-- WHAT TO PRODUCE --
Give the data below again exactly as written, but without the pictures.

-- DATASET EXCERPT --
--

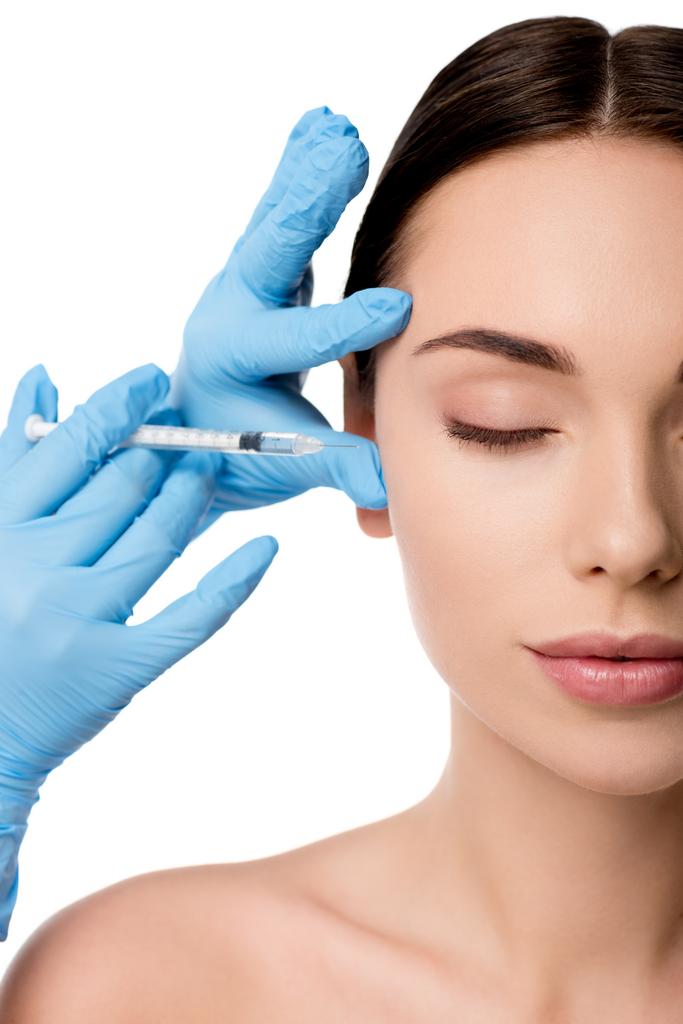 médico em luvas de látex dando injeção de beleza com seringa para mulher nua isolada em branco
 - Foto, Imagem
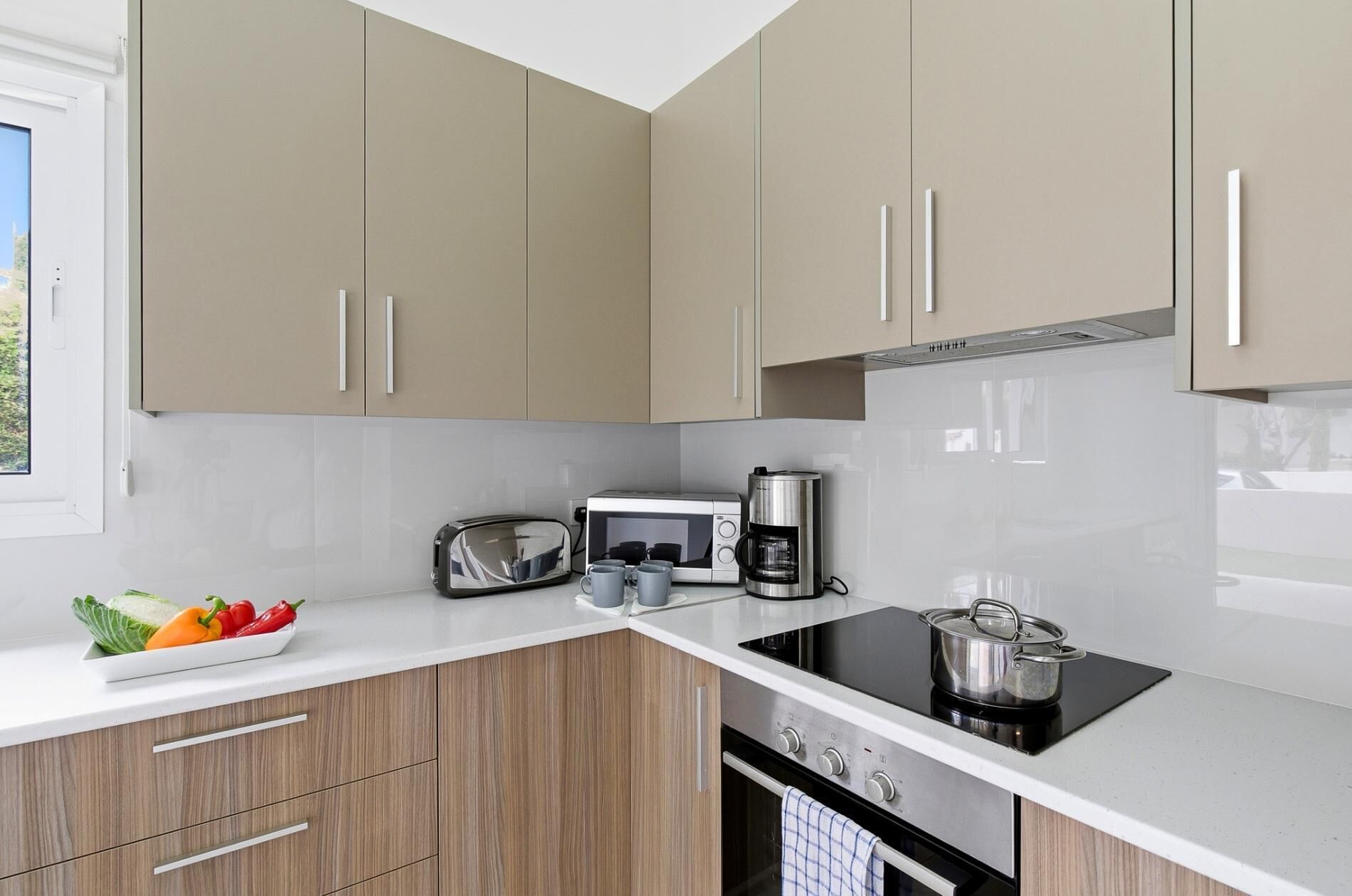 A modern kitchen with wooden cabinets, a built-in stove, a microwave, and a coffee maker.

--

-- TASK RESPONSE --
 médico em luvas de látex dando injeção de beleza com seringa para mulher nua isolada em branco
 - Foto, Imagem
 A modern kitchen with wooden cabinets, a built-in stove, a microwave, and a coffee maker.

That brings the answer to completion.